SpaceX shared details of mini second-generation Starlink satellites on Feb. 26, calling them “V2 Minis,” saying the new technology will provide more bandwidth and increased reliability.
This announcement came after the FCC recently gave SpaceX partial approval for the second generation of the constellation, approving 7,500 satellites, with additional constraints on the system. SpaceX has two versions of the second generation of satellites, the primary V2 version, designed to deploy on the upcoming Starship rocket, and a “V2 Mini” version designed for the Falcon 9.
New technologies onboard include a more powerful phased array antenna and use E-band spectrum for backhaul. The E-band development allows Starlink to provide around four times more capacity per satellite than earlier versions, SpaceX said.
In addition, the satellites have new argon Hall thrusters for on orbit maneuvering. These new thrusters were developed by SpaceX engineers and have never been operated in space before, SpaceX said. The thrusters offer 170 mN of thrust, which SpaceX said is 2.4 times the thrust and 1.5 times the specific impulse of thrusters on first generation Starlink satellites.
“With the recent authorization of our second-generation network, or ‘Gen2,’ SpaceX will provide even faster speeds to more users. This new authorization enables SpaceX to launch additional, much-improved spacecraft with significantly more throughput per satellite than the first-generation systems. For the end consumer, this means more bandwidth and increased reliability. As a result, millions of more people will have access to high-speed internet no matter where they live,” SpaceX said a statement.

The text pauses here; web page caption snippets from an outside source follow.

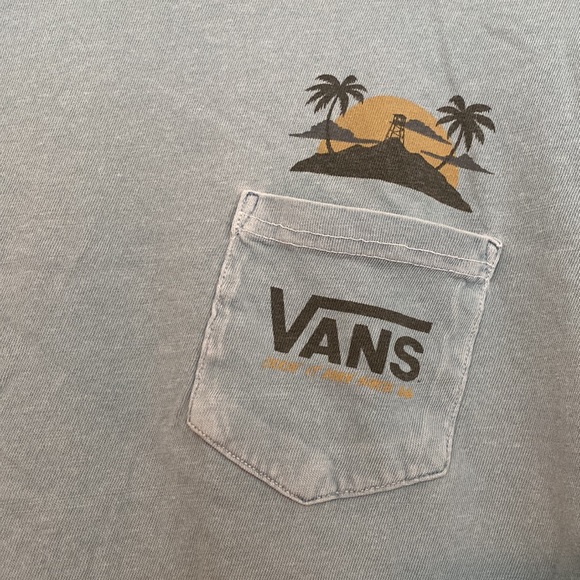 Vans t-shirt - Picture 2 of 3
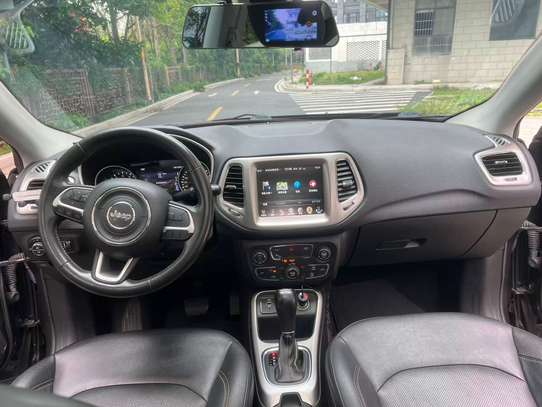 JEEP COMPASS 2017 image 3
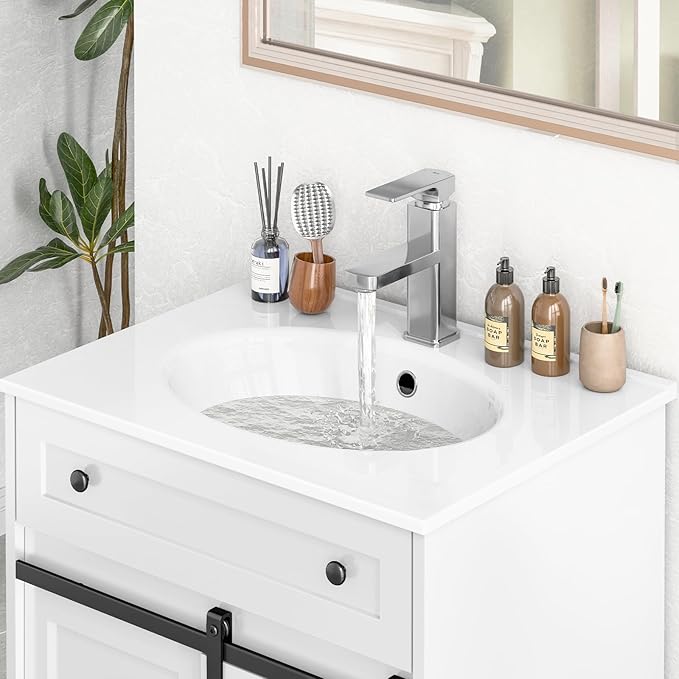Vabches 24 Inch Bathroom Vanity - Image 7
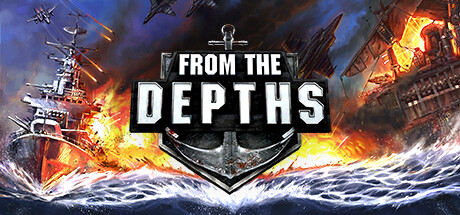 深海远航（From the Depths）v4.2.1.1全DLC高压中文版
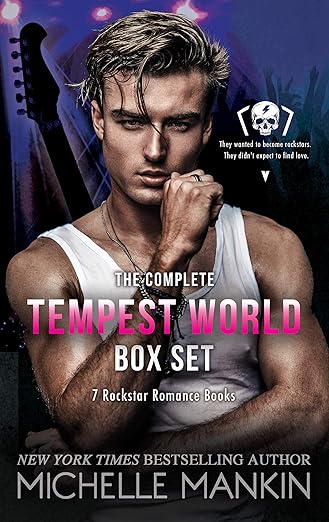 The Complete Tempest World Box Set by Michelle Mankin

SpaceX also shared updates on the sustainability of the system, saying the satellites are designed to fully degrade when they reenter the atmosphere to eliminate the risk of falling debris, and decommissioned satellites are propulsively deorbited within weeks of the end of their mission. The operator also said V2 Mini satellites will be darker in orbit than the first generation to further reduce the impact to astronomers and their observations.
Starlink is a constellation of satellites in Low-Earth Orbit (LEO) that provides broadband internet service in areas where terrestrial options are unavailable or lacking. The service is available in many parts of the world and recently surpassed 1 million subscribers. SpaceX said in the update that it has launched nearly 4,000 satellites for the constellation, and independent tracking reports there are more than 3,683 satellites in operation in the constellation.